When it comes to choosing the right credit report monitoring company, you should look for several things. Never just sign up for the first one you find. We have provided some guidelines that you can follow to check out each credit report monitoring company you are considering.

It is worth taking the time to check them out so you find the best company for your needs that will truly benefit you and provide what you are looking for. Not all credit report monitoring companies are created equal so taking this extra time now will pay off later.

  1. What Credit Bureaus do They Check? – You want to go with a credit monitoring company that uses all three credit bureaus.

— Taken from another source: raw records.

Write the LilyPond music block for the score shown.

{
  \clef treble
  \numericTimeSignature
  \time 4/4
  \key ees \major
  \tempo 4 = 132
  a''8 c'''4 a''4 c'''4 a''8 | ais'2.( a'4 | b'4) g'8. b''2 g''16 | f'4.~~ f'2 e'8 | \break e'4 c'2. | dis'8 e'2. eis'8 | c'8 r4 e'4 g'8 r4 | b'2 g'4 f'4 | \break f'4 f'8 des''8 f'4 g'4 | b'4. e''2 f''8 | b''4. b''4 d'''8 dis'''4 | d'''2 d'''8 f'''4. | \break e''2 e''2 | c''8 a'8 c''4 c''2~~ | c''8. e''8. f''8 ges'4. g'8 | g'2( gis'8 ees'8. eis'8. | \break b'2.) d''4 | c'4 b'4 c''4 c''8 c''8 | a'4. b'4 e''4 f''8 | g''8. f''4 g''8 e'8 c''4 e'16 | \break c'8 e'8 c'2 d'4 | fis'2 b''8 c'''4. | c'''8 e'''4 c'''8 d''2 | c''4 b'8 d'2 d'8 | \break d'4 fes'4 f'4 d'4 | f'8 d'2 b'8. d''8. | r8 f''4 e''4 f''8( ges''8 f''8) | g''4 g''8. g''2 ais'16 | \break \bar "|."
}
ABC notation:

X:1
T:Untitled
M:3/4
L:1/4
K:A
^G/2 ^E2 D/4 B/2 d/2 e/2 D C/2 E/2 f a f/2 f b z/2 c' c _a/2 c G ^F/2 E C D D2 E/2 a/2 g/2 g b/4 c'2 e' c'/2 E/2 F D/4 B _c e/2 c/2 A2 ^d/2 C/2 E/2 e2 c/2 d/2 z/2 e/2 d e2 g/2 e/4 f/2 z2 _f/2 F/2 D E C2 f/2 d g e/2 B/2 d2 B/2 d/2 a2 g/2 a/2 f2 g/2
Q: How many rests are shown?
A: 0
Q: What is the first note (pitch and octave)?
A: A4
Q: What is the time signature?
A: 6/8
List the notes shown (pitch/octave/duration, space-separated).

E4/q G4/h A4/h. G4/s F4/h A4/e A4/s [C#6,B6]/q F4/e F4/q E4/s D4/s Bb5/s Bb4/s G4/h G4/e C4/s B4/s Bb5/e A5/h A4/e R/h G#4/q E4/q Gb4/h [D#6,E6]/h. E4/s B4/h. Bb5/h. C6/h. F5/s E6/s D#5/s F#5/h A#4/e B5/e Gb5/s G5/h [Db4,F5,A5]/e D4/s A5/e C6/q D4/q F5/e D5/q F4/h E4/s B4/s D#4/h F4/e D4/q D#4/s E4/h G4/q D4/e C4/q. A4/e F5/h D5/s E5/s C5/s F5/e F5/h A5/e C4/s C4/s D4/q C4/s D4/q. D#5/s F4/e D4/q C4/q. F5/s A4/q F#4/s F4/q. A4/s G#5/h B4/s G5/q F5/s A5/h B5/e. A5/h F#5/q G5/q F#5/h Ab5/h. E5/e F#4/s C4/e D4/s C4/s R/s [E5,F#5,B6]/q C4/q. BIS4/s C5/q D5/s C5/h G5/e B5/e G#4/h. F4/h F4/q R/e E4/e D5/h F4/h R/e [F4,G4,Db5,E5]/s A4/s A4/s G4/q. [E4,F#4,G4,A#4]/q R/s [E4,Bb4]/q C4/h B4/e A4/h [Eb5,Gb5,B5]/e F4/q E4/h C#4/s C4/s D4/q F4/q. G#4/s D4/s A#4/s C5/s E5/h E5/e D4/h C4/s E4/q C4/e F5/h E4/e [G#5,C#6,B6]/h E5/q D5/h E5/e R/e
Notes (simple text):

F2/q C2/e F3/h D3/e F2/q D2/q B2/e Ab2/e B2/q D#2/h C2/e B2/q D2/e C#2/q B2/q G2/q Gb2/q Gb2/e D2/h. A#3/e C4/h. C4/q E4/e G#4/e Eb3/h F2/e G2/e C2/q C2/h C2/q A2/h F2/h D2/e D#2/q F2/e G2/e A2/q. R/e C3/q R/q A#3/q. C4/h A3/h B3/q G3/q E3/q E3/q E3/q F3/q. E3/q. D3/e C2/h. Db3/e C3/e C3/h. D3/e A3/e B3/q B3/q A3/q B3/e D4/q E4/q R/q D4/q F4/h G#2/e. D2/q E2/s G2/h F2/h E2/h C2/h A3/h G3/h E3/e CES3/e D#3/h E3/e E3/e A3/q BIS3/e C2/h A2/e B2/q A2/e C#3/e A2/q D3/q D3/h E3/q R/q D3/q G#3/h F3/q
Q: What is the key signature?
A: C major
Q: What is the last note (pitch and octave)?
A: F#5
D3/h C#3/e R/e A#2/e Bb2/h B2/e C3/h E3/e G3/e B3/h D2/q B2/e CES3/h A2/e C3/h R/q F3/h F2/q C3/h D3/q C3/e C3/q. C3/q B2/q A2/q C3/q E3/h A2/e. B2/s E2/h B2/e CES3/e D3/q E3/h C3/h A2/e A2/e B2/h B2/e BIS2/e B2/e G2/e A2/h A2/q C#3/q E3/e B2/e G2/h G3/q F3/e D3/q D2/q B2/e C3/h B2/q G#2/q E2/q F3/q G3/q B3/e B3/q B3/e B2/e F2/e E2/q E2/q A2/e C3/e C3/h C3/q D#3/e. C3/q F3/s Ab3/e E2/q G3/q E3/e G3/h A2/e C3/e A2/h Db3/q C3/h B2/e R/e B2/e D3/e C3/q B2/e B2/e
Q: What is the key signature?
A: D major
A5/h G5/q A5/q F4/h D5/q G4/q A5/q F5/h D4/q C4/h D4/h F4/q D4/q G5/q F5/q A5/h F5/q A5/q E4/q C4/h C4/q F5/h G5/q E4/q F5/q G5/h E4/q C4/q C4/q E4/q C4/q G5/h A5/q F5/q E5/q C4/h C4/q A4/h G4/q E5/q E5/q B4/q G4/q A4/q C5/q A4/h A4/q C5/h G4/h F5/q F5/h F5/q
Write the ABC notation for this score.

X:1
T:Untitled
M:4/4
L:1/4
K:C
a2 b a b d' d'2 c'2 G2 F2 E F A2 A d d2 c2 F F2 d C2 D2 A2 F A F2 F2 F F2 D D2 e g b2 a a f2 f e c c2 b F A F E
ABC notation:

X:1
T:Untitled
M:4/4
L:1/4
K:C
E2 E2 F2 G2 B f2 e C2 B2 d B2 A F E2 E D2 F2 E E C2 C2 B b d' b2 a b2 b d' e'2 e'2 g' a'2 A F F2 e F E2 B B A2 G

The reason for this is because not all credit accounts and lenders report to all three. By using a company that pulls from all three major bureaus, you are assured a thorough snapshot of your credit.
  1. How Long Has the Company Been Around? – You want to find credit monitoring companies that have some longevity and security experience behind their name. There are dishonest companies out there so finding the ones that have a good reputation and information to back that up are much better for you.
  1. If it Sounds too Good to be True… – Pass by companies that are making grandiose promises. If they promise that you will never become a victim of identity theft or fraud by using their services, they are lying. No reputable company will make that claim because it is not an accurate claim to make. A credit report monitoring company can’t prevent fraud or identity theft, but they CAN help you catch it as soon as possible.
  1. Check Them Out with the BBB – The Better Business Bureau can be really helpful when it comes to weeding out the posers from the good companies. If there have been complaints filed, the BBB will have them. You can also check the state attorney general.
  1. Popular Brand Names Have an Edge – Popular companies don’t typically become popular by being shady and dishonest. This doesn’t mean to trust them blindly just because of the name, but with all of the choices out there, going with a more well known name could be a good move. You still need to check them out but they have an advantage over an unknown.
  1. Don’t Sign Up for Services You Don’t Need – Make sure that you know in advance what the credit report monitoring company offers before you sign up. You want to choose a company that provides the kind of monitoring you need and want but you don’t want to pay a higher cost for a bunch of services you won’t even use.
  1. Do They Offer Free Trials? There’s nothing wrong with taking a company up on a free trial offer, but make sure you know exactly how long that trial is, how much it is, what you get during that trial (do you have access to full services?) And how much it costs after the trial is over. Also make sure you know how to cancel if you don’t want to continue so you don’t get charged if you are not continuing with them.


Credit Report monitoring companies can be very beneficial when it comes to keeping track of your credit reports, scores and identity. While even the best credit report monitoring company can’t prevent identity theft or fraud, they can help you stay on top of any activity that is suspicious and help you get it taken care of right away.

Do your homework when you are researching the different companies and make sure you know exactly what you can expect from the company you choose. It’s a very good way to gain more control over your identity and credit history.